Dissertations, Theses, and Capstone Projects

Date of Degree

5-2019

Document Type

Dissertation

Degree Name

Ph.D.

Program

Music

Advisor

Anne Stone

Committee Members

Debra Caplan

Allan Atlas

Michael Beckerman

Tina Frühauf

Subject Categories

American Popular Culture | Jewish Studies | Musicology | Yiddish Language and Literature

Keywords

Rumshinsky, theater, Yiddish, music

Abstract

“The Musical World of Joseph Rumshinsky’s Mamele” consists of a set of three cases studies that demonstrate the enormous need and potential for further Yiddish theater music scholarship. There exists little Yiddish theater scholarship that addresses music in any meaningful way: scholars like David Lifson, Nahma Sandrow, and Joel Berkowitz tend to view Yiddish theater’s rich musical traditions as a footnote in the larger history of Yiddish theater’s dramatic development. Yet Yiddish theater music developed independently from Yiddish drama, and therefore needs to be studied from a primarily musical perspective. I connect scholarship across the fields of Jewish studies and musicology in order to add depth and nuance to the existing, limited scholarship on Yiddish theater music.

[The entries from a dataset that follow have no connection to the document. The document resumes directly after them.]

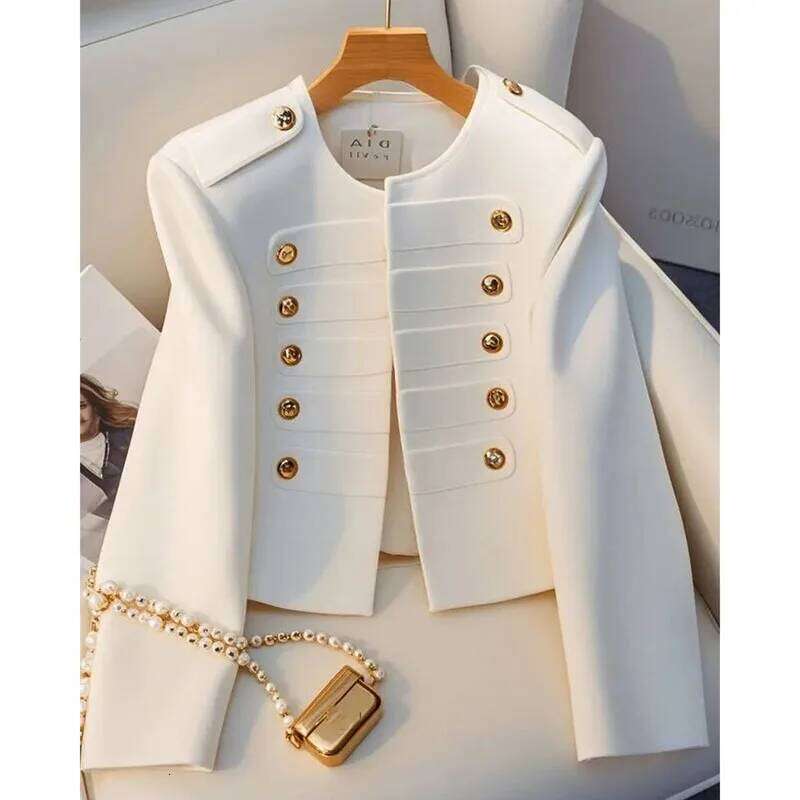 Korean Fashion Women S Jackets Autumn All Match New White Long Sleeve Temperament Top Lady Ladies Short Coat Outerwear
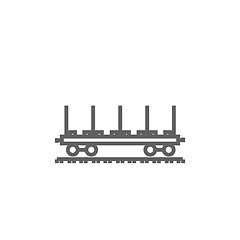 Image showing Cargo wagon line icon.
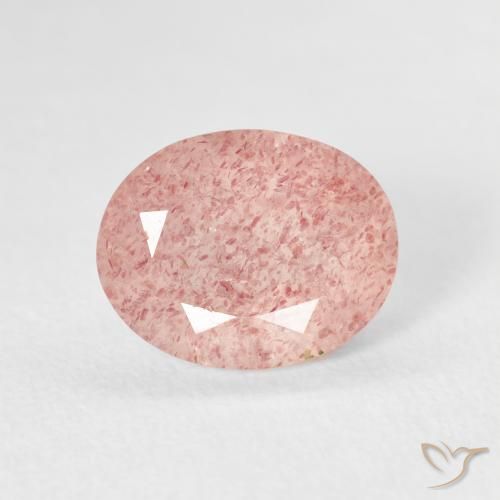 2.66ct Natural Rosado terroso cuarzo fresa, Ovalada, Transparente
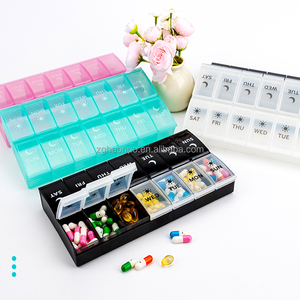 Usine de gros Simple grande capacité hebdomadaire médecine boîte de rangement 7 jours 2 rangées 14 compartiments <span class=keywords><strong>matin</strong></span> <span class=keywords><strong>soir</strong></span> <span class=keywords><strong>pilulier</strong></span> - Product Image 5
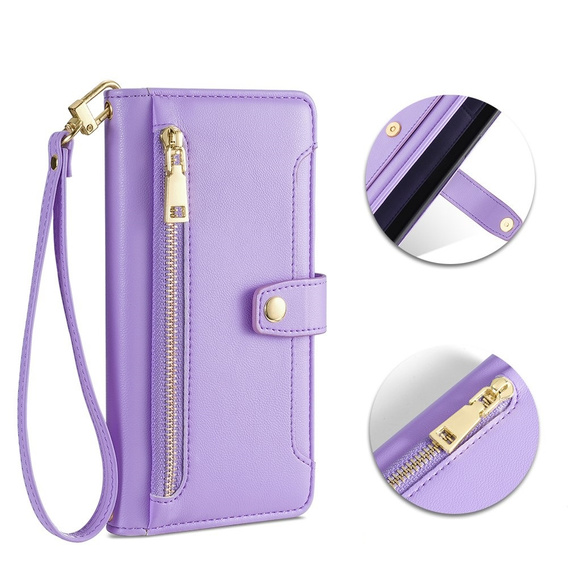Klapkové puzdro pre iPhone 14 Pro, Wallet Zipper Pocket, fialové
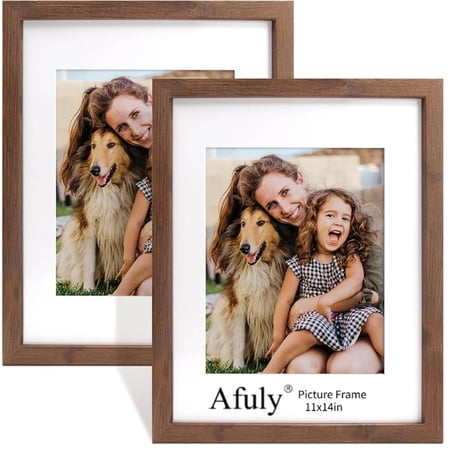 Afuly 11x14 Picture Frame with Mat, Wooden Frames for 11x14 8x10 Photos Display, Modern Walnut Photo Frame Set for Wall and Tabletop, Gifts for Mom Dad Grandma Family Friends, Set of 2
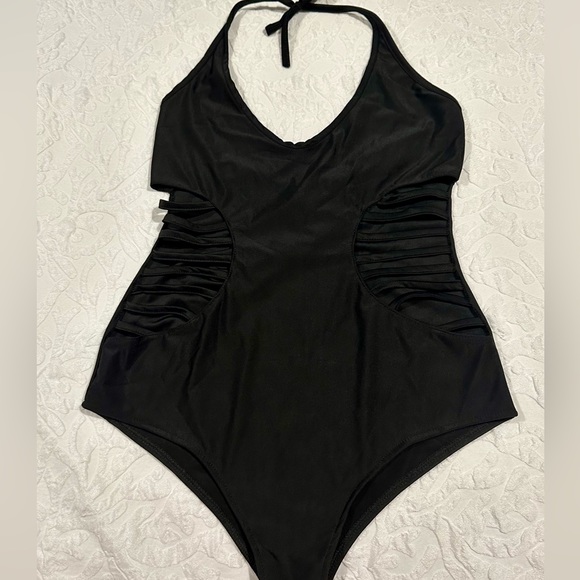Cupshe Swim Cupshe Black One Piece Suit Cut Outs On Sides Scoop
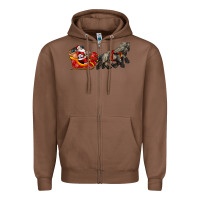 Chestnut santa riding his sleigh with gifts Zipper Hoodie - CowGirlArtShop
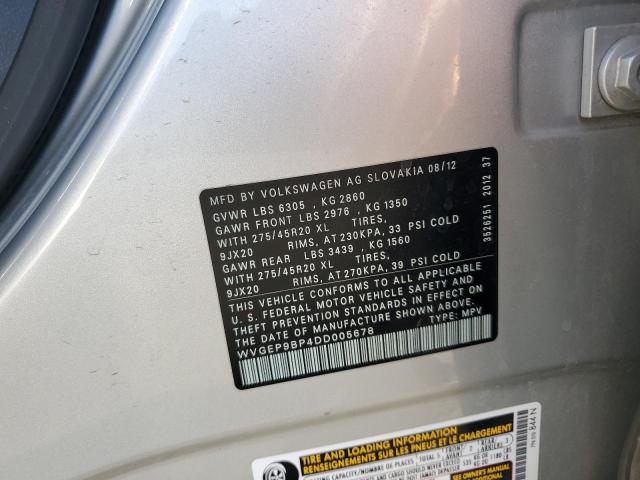 Продаж на аукціоні авто 2013 Volkswagen Touareg, vin: WVGEP9BP4DD005678, номер лоту: 87488735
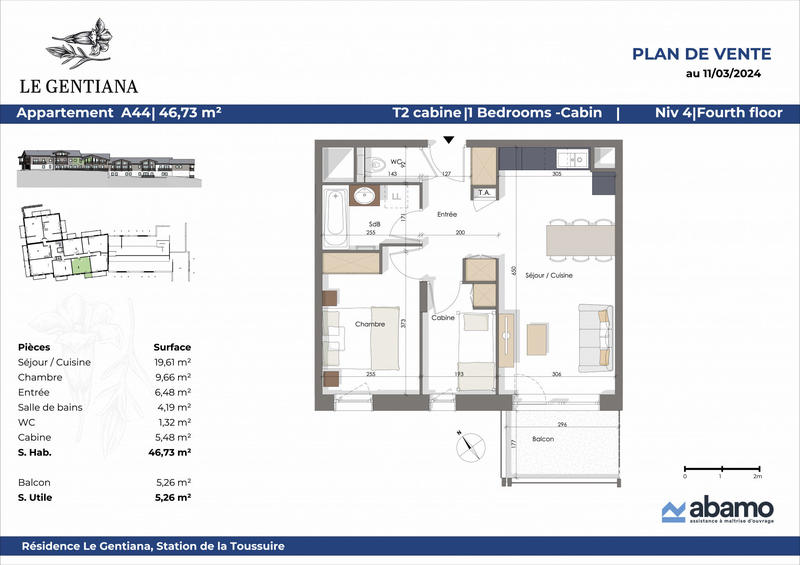 Appartement - 46 m² - 2 pièces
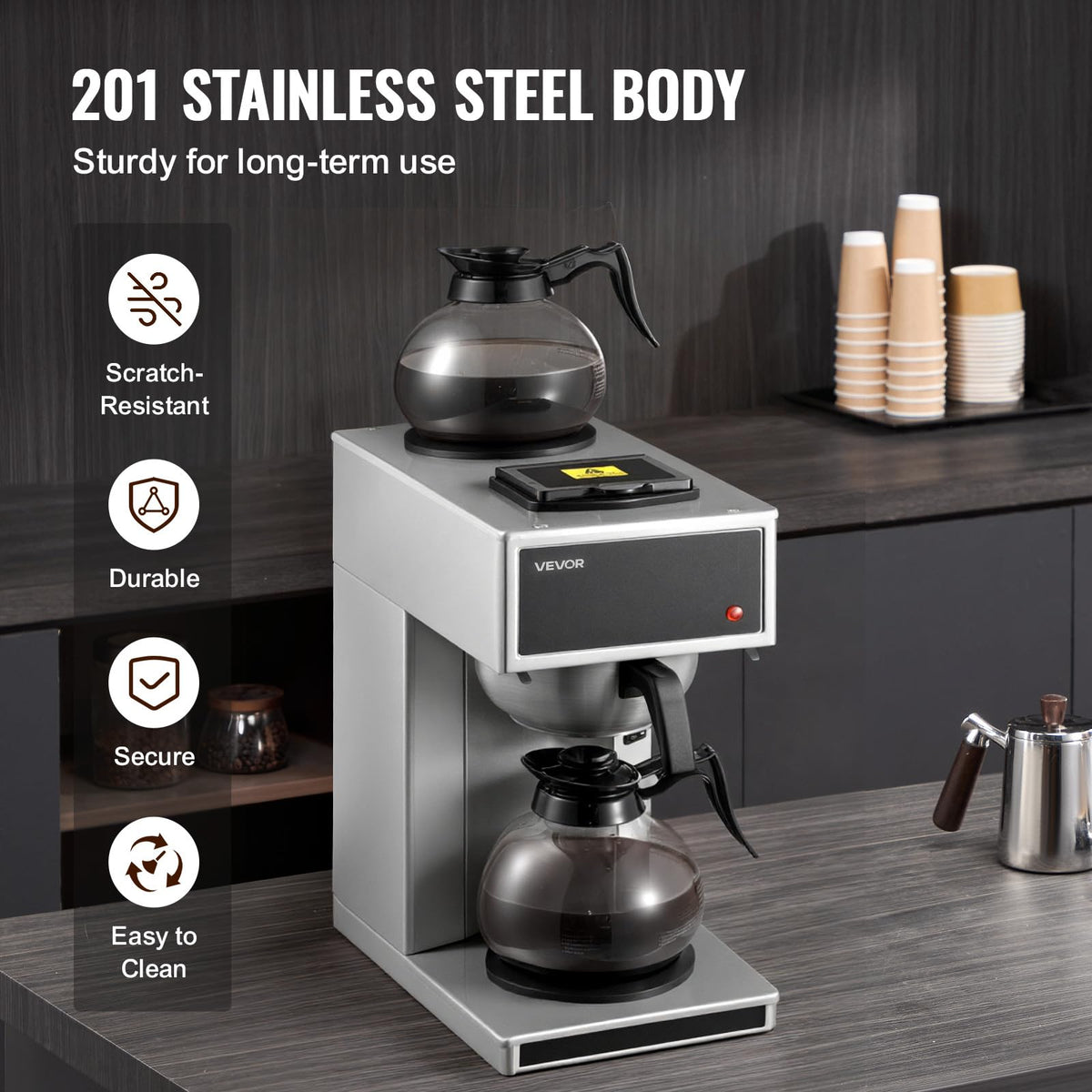 VEVOR Commercial Drip Coffee Maker, 12 Cups Coffee-Maker Machine with 2 Glass Carafes and 2 Decanter Warmer Plates, Stainless Steel Drip Style Coffee Brewer, for Restaurant, Office, Coffee Shop & Home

Drawing on primary source materials, including play scripts, music manuscripts, and commercially published Yiddish broadsides, I begin to contextualize Yiddish theater’s rich musical legacy on the Yiddish stage and silver screen. As a form of immigrant entertainment for Yiddish-speaking immigrants in New York, Yiddish theater shows integrated many diverse musical influences from the Old World and the New and served as a model for Yiddish-speaking immigrant audiences to renegotiate their identities to become modern Americans. Furthermore, Yiddish theater’s immediate spatial and temporal proximity to Tin Pan Alley, early Broadway, and other immigrant theaters in New York hints at the possibility of multiple musical and textual cross-influences. As such, popular theater and its music played an important, though largely unexplored, role in the process of Americanization. Studying Yiddish theater music, therefore, not only restores an important component that has long been missing from the history of Yiddish theater, it also connects this history to the larger world of New York’s music scene in the early decades of the twentieth century.